Thursday, July 28, 2011

A Rough Night

Whew!  I'm not gonna lie, last night was kinda rough.  Safia has been eating ferociously and her sleep has been very erratic. There was a stretch of time between 5pm and midnight where Safia slept for only about 30 minutes.  She was up-and-at-'em and rarin' to go!  There was a point at about 11pm, Safia, swaddled up and in her bassinet, was just rolling around and laughing her little head off.  I looked over at Ellen and asked, "What is wrong with our child?"  I did honestly think that I had done something wrong with our last torturous bottle feeding that just set Safia's 'crazy' switch to overdrive.  After some effort, we were able to get Safia down for the night.  She was up and hungry, though, multiple times throughout the night.  We suspect maybe another growth spurt?  It is amazing how much Safia has grown over the past couple of weeks.  It seems to me that she has grown and/or developed in some way after each nap.  Ok, that might be a bit exaggerated, but things are moving along quite briskly.


Lately as I'm out about town I'm hyper-aware of kids and babies.  They're everywhere!  Newborns, babies, toddlers, elementary age children...some are well-behaved, some are total disasters, some are playful and jubilant, and some are frenzied, unruly hot messes.  I notice them all and their parents, and can't help but think about what kind of person Safia will grow up to be.  It's completely overwhelming when I think about it.  When I look into her eyes I see brief glimmers of Safia as an older human being.  When I snap out of it, I think that who Safia will be changes from day-to-day, for who she will become is a summation of all the days she has lived and experienced.  It is in her everyday observations and interactions and successes and failures that determine her personality, outlook, and perspective, and that is a constant evolution.

Wednesday, July 27, 2011

Not So Bobbly-Headed

This'll be quick and painless.  Ellen and I are feeling motivated, and are actually getting some cleaning and organizing done around the house.  Since my return to work is now very much in sight, we're scrambling a bit to get some stuff done in the house that we wanted to get done all summer long.  Although this post will be a brief one, I did want to mention how well Safia is controlling her head nowadays.  It is extremely nice to not have to be so delicate in handling her and she is really loving sitting up and playing.  This newfound noggin-dexterity also means that we get to employ yet another type of baby carrier.  Today, I tried out the Baby Bjorn (a carrier in which she can be carried on the chest and look outwards) and she was pretty darn happy about it.  Happy baby = happy dad.  
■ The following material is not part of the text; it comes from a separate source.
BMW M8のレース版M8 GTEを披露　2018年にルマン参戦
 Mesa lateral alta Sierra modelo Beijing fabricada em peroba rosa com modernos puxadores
Below is a video of Safia practicing her ski jumping (thanks to Roy for assisting in teaching her proper landing technique.  Sorry you have to tilt your head to the right to watch it properly). 



Tuesday, July 26, 2011

Home

Phew!  Home.  I have so much to say about our trip, but I suspect that precious few of you want the fine details written out for you to read on a blog.  If you want the minutiae of our travels over the past week-and-a-half, we'll have to accomplish that through another mechanism.  What I will say here is that it was an ambitious trip that had the potential to be disastrous, but turned out wonderfully.  After three plane rides, some subway/metro expeditions, and plenty of time in cars, I'd say Safia is getting an early introduction to a lifestyle of travel.




Ski jump training
Aunt S'mores and Safia talk about it.
On the Safia development front, as many of you know, each week brings incredible growth.  Well, this week Safia has turned into a regular ol' rolly-polly.  She's freely (and quickly, I might add) turning from her back to her stomach, and is learning the stomach-to-back return.  She is using her hands with much purpose and has discovered the tactile delights of grabbing and pulling hair and low-hanging beards.  I think I might have a date with a razor soon.  

So this is my last week of freedom.  In one week, I return to work and we have yet another readjustment.  I know I say it every year, but my summer vacation has just flown by...I don't know where it went.


Thursday, July 21, 2011

Pictures.

Surprisingly, we haven't taken all that many photos on our trip.  Here is a selection of fun pictures and videos from the past week.  





Friday, July 15, 2011

Yet Another Adventure

Top heavy
Today is our big day prepping for another big adventure.  Part of our preparations have been seeing that our garden is ready for our departure.  This has entailed harvesting and processing vegetables for later consumption.  Notably, we harvested our first ever batch of edamame soy beans and black beans!  I also cooked up a mega-batch of chili and rice to bring over to friends who have just had a baby.  We both remember how wonderful it was to have friends bring over food.  So lots of action in the kitchen today.

Also of note, Safia has figured out how to turn over completely from back to tummy.  We have entered a new era.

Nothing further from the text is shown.